We noticed in an earlier section that one fundamental purpose served by acknowledging basic rights at all is, in Camus’ phrase, that we “take the victim’s side,” and the side of the potential victims. The honoring of basic rights is an active alliance with those who would otherwise be helpless against natural and social forces too strong for them. A basic right has, accordingly, not been honored until people have been provided rather firm protection— what I am calling “social guarantees”—for enjoying the substance of their basic rights. What I am now stressing is that this protection need neither be ironclad nor include the prevention of every imaginable threat.
But the opposite extreme is to offer such weak social guarantees that people are virtually as vulnerable with their basic rights “fulfilled” as they are without them. The social guarantees that are part of any typical right need not provide impregnable protection against every imaginable threat, but they must provide effective defenses against predictable remediable threats. To try to count a situation of unrelieved vulnerability to standard threats as the enjoyment of basic rights by their bearers or the fulfillment of these rights by the bearers of the correlative duties is to engage in double-speak, or to try to behave as if concepts have no boundaries at all. To allow such practices to continue is to acquiesce in not only the violation of rights but also the destruction of the concept of rights.

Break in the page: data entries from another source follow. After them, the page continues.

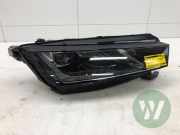 Hauptscheinwerfer rechts Skoda Octavia IV Combi NX5 5E4941016A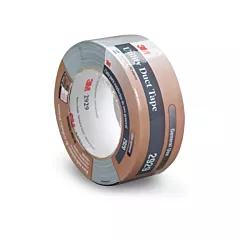 3M 2929 Multi-Purpose Duct Tape, 48 mm (2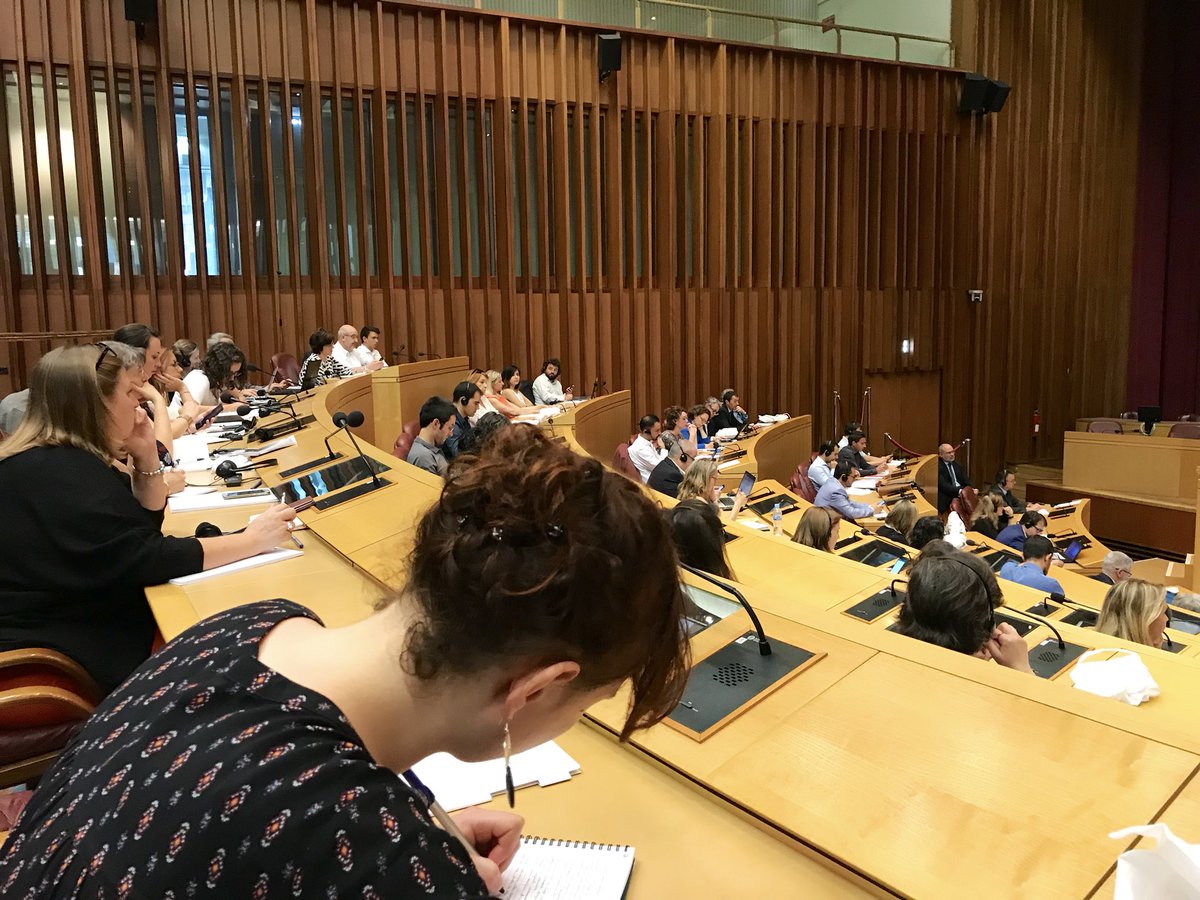 Procura Project tweet media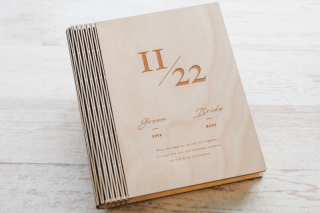 【20ページアルバム】リヒト20カットデータ付(修正あり)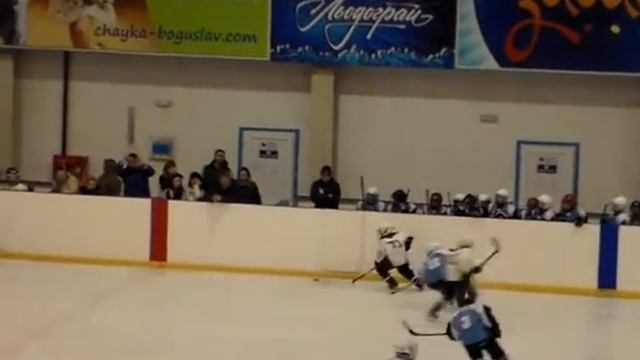 Днепр 2007 Легион 2007 (Калуш) Богуслав 11.03.2017- 2 период смотреть онлайн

Insofar as it is true that moral rights generally, and not basic rights only, include justified demands for social guarantees against standard threats, we have an interesting theoretical result. The fulfillment of both basic and non-basic moral rights consists of effective, but not infallible, social arrangements to guard against standard threats like threats to physical security and threats to economic security or subsistence. One way to characterize the substances of basic rights, which ties the account of basic rights tightly to the account of the structure of moral rights generally, is this: the substance of a basic right is something the deprivation of which is one standard threat to rights generally. The fulfillment of a basic right is a successful defense against a standard threat to rights generally. This is precisely why basic rights are basic. That to which they are rights is needed for the fulfillment of all other rights. If the substance of a basic right is not socially guaranteed, attempts actually to enjoy the substance of other rights remain open to a standard threat like the deprivation of security or subsistence. The social guarantees against standard threats that are part of moral rights generally are the same as the fulfillment of basic rights.23 This is why giving less priority to any basic right than to normal non-basic rights is literally impossible.